The family or constituents, or “heirs,” never returned to or took personal actual possession of the land or any part of it.

During the lifetime of Mr. English the character, location, and nature of the improvements (i. e., fences and house, etc.), and the manner and extent of use and cultivation remained as they were in and prior to 1890, except for deterioration of improvements.

The tract, improvements, etc., were “vacant” of actual occupation from the time the family left in 1916 until some undisclosed date after Mr. English’s death. Cole (or Combs), with permission of the “heirs” or some of them, occupied the premises for about a year in 1917-1918.

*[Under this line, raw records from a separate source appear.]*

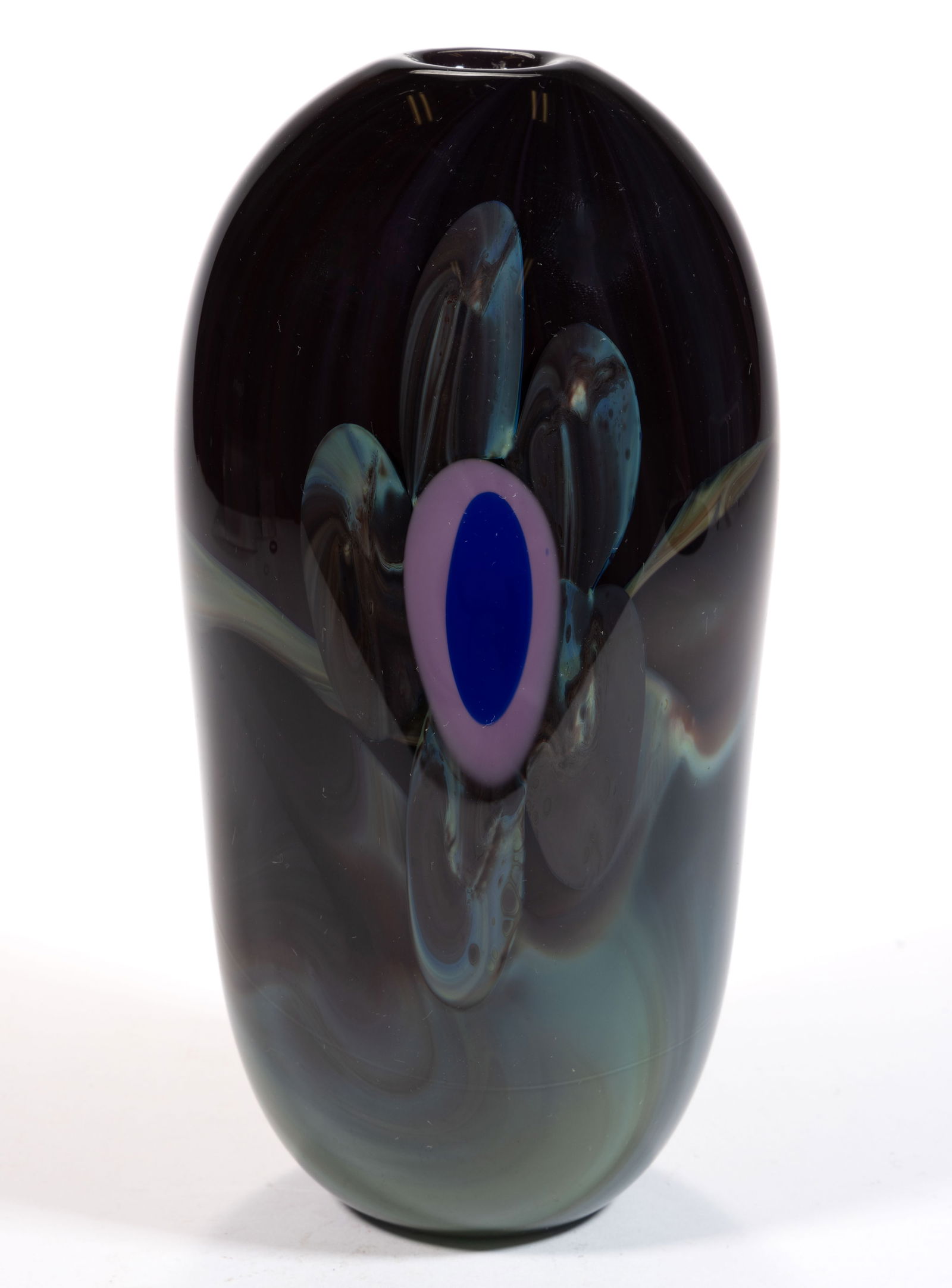 MICHAEL PAVLIK (CZECH, B. 1941) FLORAL MARBLED STUDIO ART GLASS VASE (1 of 5)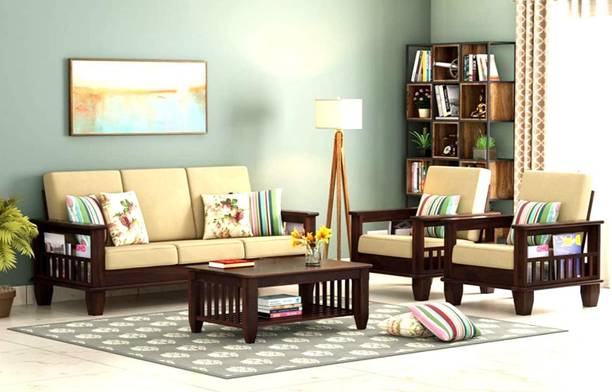 mp enterprises Sheesham Wood 5seater sofa set with cushion for livingroom/Home/Hotel Fabric 3 + 1 + 1 Sofa Set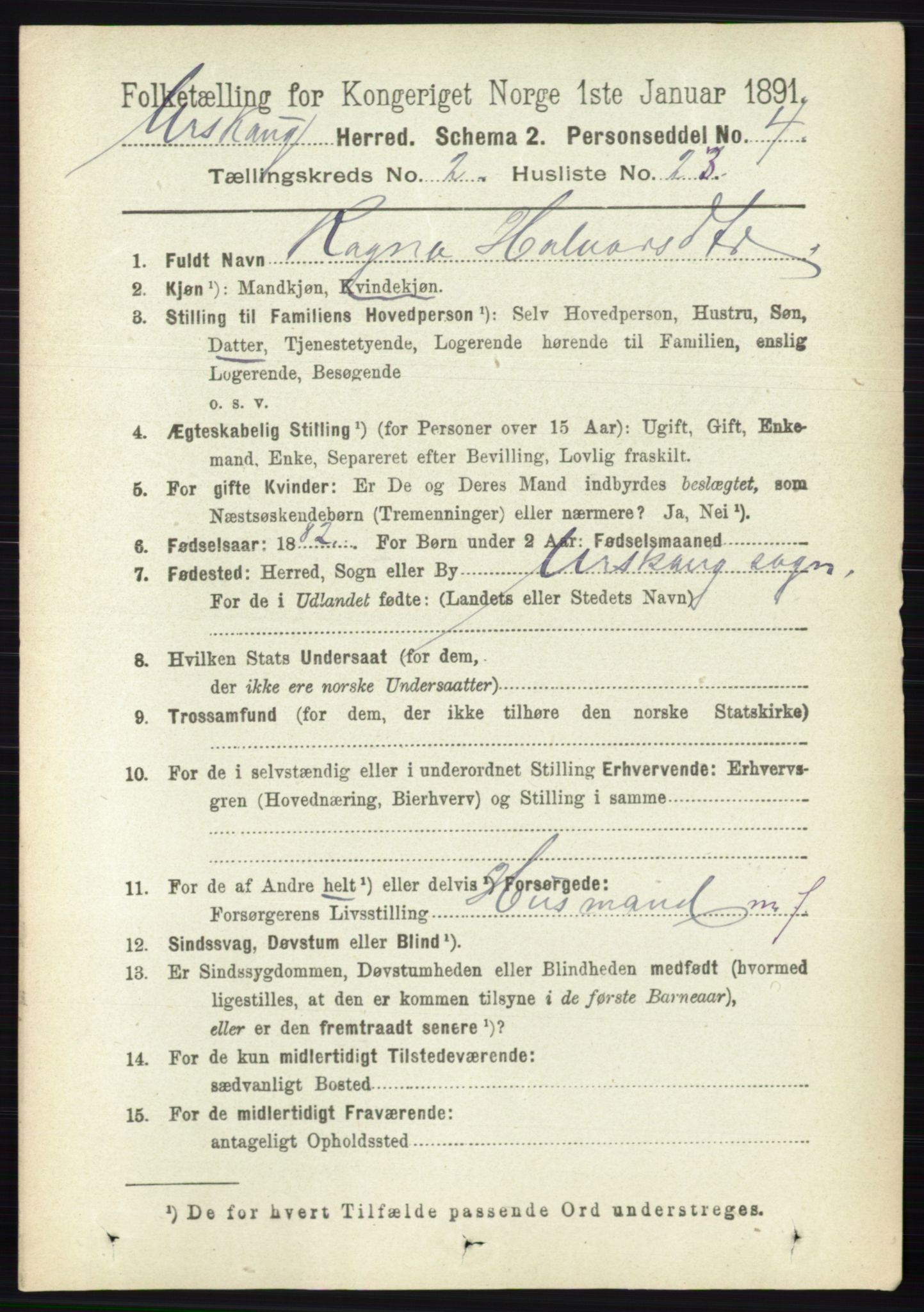 RA, 1891 census for 0224 Aurskog, 1891, p. 350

Amey moved into the neighborhood in 1916. In June, 1918, the condition of the property was such as to make him think, he said, that anybody might take it and use it. He moved in and began occupation without “anybody’s permission” and stayed until [733]*733February, next. Mrs. Cox, purporting to act as agent for tbe “heirs” and with authority of some of them, appeared in January and told Arney to vacate. He prepared to do so, but before he got away Mrs. Cox brought suit for his ouster. He described the condition of the property (when he took possession):

“There were no fences to amount to anything; there had been some old fences, but they were all about down; the house was in pretty bad condition; it had no windows and a part of the floor was out.”

At a subsequent date Sims (who had resided in the neighborhood and had known Mr. English for thirty years) took possession of the eastern part of the tract (including the whole or part of the portion now in controversy) and continued its use up to the time of the trial. He “rented” the “West half,” with the “house,” from Mrs. Cox in 1923, and still occupies it. He said:

“I just rented the house from Mrs. Cox. When I went there I hadn’t rented the other from anybody, and I haven’t rented the other part from any body since.” “When he went there,” he said, “there was no fence * * * at all”; “there was an old piece of fence around the whole tract, but I would not call it a fence— it marked the line, but it was all down.”

Rodgers, it will be recalled, testified that his son “ran a fence in the ten-foot strip.” Sims referred to that incident in this wise:

“Mr. Rodgers’ son put one wire across about one hundred yards. He done that about five or six months ago. [The trial was in January, 1926.] I went out and protested. I was out there with him. I said, ‘Who does this property belong to?’ and he said it belonged to him. * * * Rodgers said it was his and that his lawyer advised him to put a fence across there.”